Hudson Pacific Properties (HPP) Q3 2024 earnings summary
Event summary combining transcript, slides, and related documents.
Q3 2024 earnings summary
14 Jan, 2026Executive summary
Leased 1.6 million sq ft of office space year-to-date, up 25% year-over-year, with 539,000 sq ft signed in Q3; strong leasing pipeline and touring activity.
West Coast office demand outpaces broader US market, driven by increased in-office mandates, tech sector stabilization, and venture activity.
Studio segment has contracts or interest for nearly 80% of stages, with demand focused on 2025 production starts and boosted by proposed California tax credits.
Focus on financial flexibility, no debt maturities until late 2025, and active asset-level transactions to strengthen the balance sheet.

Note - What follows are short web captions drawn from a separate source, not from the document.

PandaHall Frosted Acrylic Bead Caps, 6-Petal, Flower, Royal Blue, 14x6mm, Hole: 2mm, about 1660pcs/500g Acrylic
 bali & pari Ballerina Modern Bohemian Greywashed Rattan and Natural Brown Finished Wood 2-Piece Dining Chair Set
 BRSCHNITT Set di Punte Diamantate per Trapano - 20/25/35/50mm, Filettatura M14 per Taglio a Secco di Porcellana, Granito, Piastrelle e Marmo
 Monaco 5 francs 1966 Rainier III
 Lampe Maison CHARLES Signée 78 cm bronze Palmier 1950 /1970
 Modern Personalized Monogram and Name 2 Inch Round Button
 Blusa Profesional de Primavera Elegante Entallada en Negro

Management expects portfolio stabilization and growth in occupancy and cash flow in 2025.
Financial highlights
Q3 2024 revenue was $200.4 million, down from $231.4 million year-over-year, mainly due to asset sales and lease expirations, partially offset by studio growth.
Net loss attributable to common stockholders was $97.9 million ($0.69/share) vs. $37.6 million ($0.27/share) last year, mainly due to non-cash impairments and lower revenue.
FFO excluding specified items was $14.3 million ($0.10/share) vs. $26.1 million ($0.18/share); reported FFO was $6.8 million ($0.05/share).
AFFO was $15.8 million ($0.11/share), down from $28.1 million ($0.20/share) year-over-year.
Same-store cash NOI was $96.9 million, down from $113.2 million, primarily due to tenant move-outs.
Outlook and guidance
Q4 FFO per diluted share is expected to range from $0.09–$0.13; full-year same-store property cash NOI expected to decline 13–14%.
Q4 NOI for Quixote is anticipated to moderately improve due to increased production activity.
Office occupancy will decline in Q4 due to Amazon's early lease termination at Met Park North, but would have otherwise increased.
Management expects principal sources of liquidity to include cash on hand, operations, asset sales, equity, and debt financings.
No debt maturities until end of 2025; ongoing asset-level transactions expected to further enhance balance sheet strength.